One minute into it, the article says, "The dmac and smac are pretty self-explanatory fields"

This immediately turns off anyone reading it who doesn't know what those things mean. The thought process will be, "Oh, this article is for those for whom these fields are self-explanatory. Since it's not for me, I'll stop reading"

howerj · 2025-03-04T15:24:02 1741101842

The full quote would be "The dmac and smac are pretty self-explanatory fields. They contain the MAC addresses of the communicating parties (destination and source, respectively).", it does explain them. However, this is an article about how to make a network stack, it is safe to assume the reader should know something about networking before hand.

petee · 2025-03-04T15:23:47 1741101827

Unless they just updated it, the next sentence explained it -

> They contain the MAC addresses of the communicating parties (destination and source, respectively).

dang · 2025-03-04T05:48:52 1741067332

Let's code a TCP/IP stack, 1: Ethernet & ARP (2016) - https://news.ycombinator.com/item?id=17316487 - June 2018 (47 comments)

Let's Code a TCP/IP Stack: TCP Retransmission - https://news.ycombinator.com/item?id=14701199 - July 2017 (30 comments)

Let's code a TCP/IP stack, 1: Ethernet and ARP - https://news.ycombinator.com/item?id=11234229 - March 2016 (49 comments)

p4bl0 · 2025-03-04T07:06:15 1741071975

I don't get where the author get the 10.0.0.4 IP address from, the one used to test ARP resolution. What is it supposed to be the address of? A fake device accessible to the made up Ethernet device programed here? Or is it an actual device on the author network? Can someone explain that?

globular-toast · 2025-03-04T07:28:06 1741073286

It isn't mentioned in the article, but the author hardcodes this when initialising an interface: https://github.com/saminiir/level-ip/blob/e9ceb08f01a5499b85...
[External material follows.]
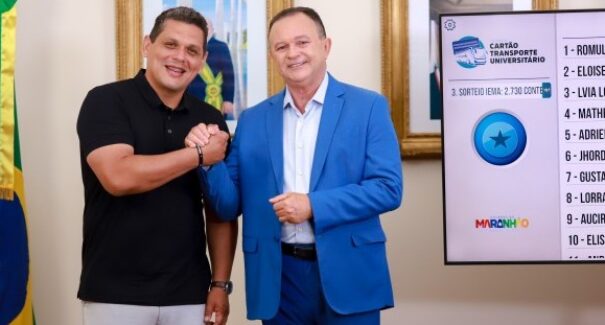 Governo divulga resultado do sorteio da 1ª edição do Programa Cartão Transporte Universitário 2025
A TAP device is like a software emulated ethernet link (or any layer2?). So if you send packets into it they get sent directly to your user-level program. It's then up to you program to decide what IP address(es) it wants to have and reply to ARPs etc. Normally this kind of thing is handled by the OS and adding IP addresses to the interface requires root permissions (as does opening the TAP device). Networking is largely cooperative and a bad actor with root permissions on your network can do bad things.

p4bl0 · 2025-03-04T07:33:57 1741073637

Ah, thanks a lot!

Forgetting to mention that explicitly in the article is a big miss, I think. It makes the ARP part feel like it's missing crucial information or is not actually entirely explained, while it's the previous part that misses something.

Thanks again :).

mannyv · 2025-03-04T19:50:55 1741117855

From what I remember ARP only works on your local segment. Your router will fill in its address and forward the packet along.

There's also rarp, which is one way to ask 'the network' for your IP address. I have no idea if rarp still works irl.

revskill · 2025-03-04T05:18:11 1741065491

I appreciate the non assumption explanation in the article. Well done.